In “Correct Coding and Billing for Outpatient Mental Health Providers 2021,” Laurie Bouzarelos, MHA, CPC, led a session on coding for behavioral health practices. She began her presentation by saying “There are only a few codes. This should be easy. Why is this a big deal?” The next hour was spent answering that question by providing in-depth explanations of each of the code sets for outpatient mental health because, according to Bouzarelos, while there are a small number of codes used in this subsection of healthcare, “there are a lot of opportunities for error.”
In “Using Regulatory Guidance to Support Audit Findings,” speaker Pam Brooks, MHA, COC, PCS, CPC, AAPC Fellow, warned of the use of medical organizations’ data, forums, non-current coding resources, and internal policies on regulations. They are often out of date or too specific and cannot always be applied effectively to your organization and audit policies. Brooks recommends looking at federal standards and resources. For extra help, review the relative value unit files for the year you are auditing in the Medicare Physician Fee Schedule. And stay on top of your state’s medical board guidance to cross reference state regulations versus federal requirements.
The final HEALTHCON sessions of the day included equally relevant topics such as ICD-10-CM coding for diabetes, coding common primary care setting procedures, and clinical documentation improvement and inpatient coding.
In “Hot Topics and Changes in Otolaryngology Coding,” Lawrence M. Simon, MD, MBA, walked attendees through a variety of ear, nose, and throat (ENT) procedures that are most commonly performed in otolaryngology practices. In addition to the coding fundamentals, Simon discussed recent procedural changes impacting day-to-day coding. From otology to functional endoscopic sinus surgery (FESS) to E/M coding, Simon covered on all the ENT essentials.

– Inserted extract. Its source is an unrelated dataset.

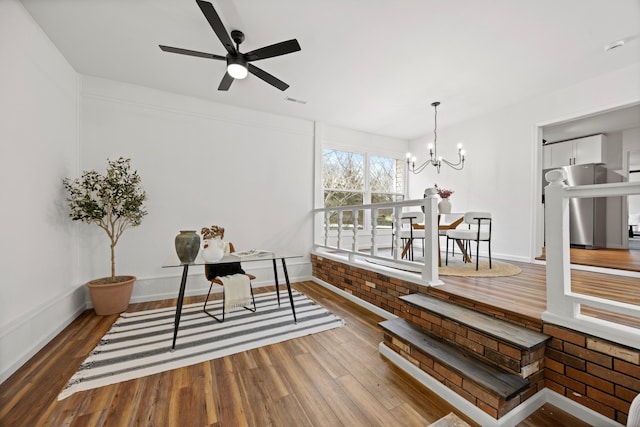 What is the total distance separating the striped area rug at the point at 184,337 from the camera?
6.14ft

AAPC National Advisory Board Secretary Leonta Williams, CPC, CPCO, CRC, CEMC, CHONC, broke down the complex topic of cancer coding in her presentation “The Ins and Outs of Neoplasm Coding With Comorbidities.” Accurate coding hinges on being able to identify key words in the documentation. “It’s important to define the cancer,” Williams explained as she reviewed the different types of benign and malignant neoplasms, their developmental stages, how they are classified, and the effects of cancer treatments. She then delved into what provider documentation should include, emphasizing the importance of identifying the reason for the encounter or admission to ensure accurate coding. Williams used several coding scenarios to illustrate how what’s documented impacts code selection and sequencing, pointing out several documentation pitfalls to avoid.

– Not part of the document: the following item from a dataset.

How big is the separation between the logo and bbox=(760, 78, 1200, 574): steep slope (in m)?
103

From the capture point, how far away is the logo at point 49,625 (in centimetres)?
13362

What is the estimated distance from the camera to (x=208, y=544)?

Linda Duckworth, CPC, CHC, gave a riveting presentation in “Behind the Audit 8 Ball,” making everyone rethink the way they handle claim denials in their office or facility. She stressed the importance to shadow clinicians to see if they are truly capturing the patient’s story from beginning to end. And she used personal, relatable stories to illustrate where to find the documentation payers are looking for to support claims.

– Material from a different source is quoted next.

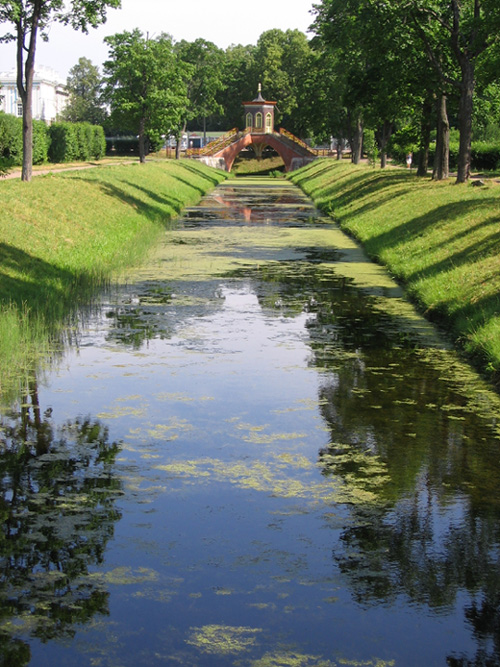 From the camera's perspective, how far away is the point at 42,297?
15406 mm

Chavaun Adrienne Bussey, CPC, Health Information Management Auditor with the U.S. Army Medical Command Headquarters, offered up her extensive knowledge of coding for the Department of Defense (DoD) and the Veterans Health Administration in her presentation “Coding for Our Heroes: Exploring the Uniqueness of DoD and VA Services.”
Until Next Time, Ya’ll!
No question, HEALTHCON 2021 was a complete success! We can’t wait for next year. See you in Washington, D.C. in 2022!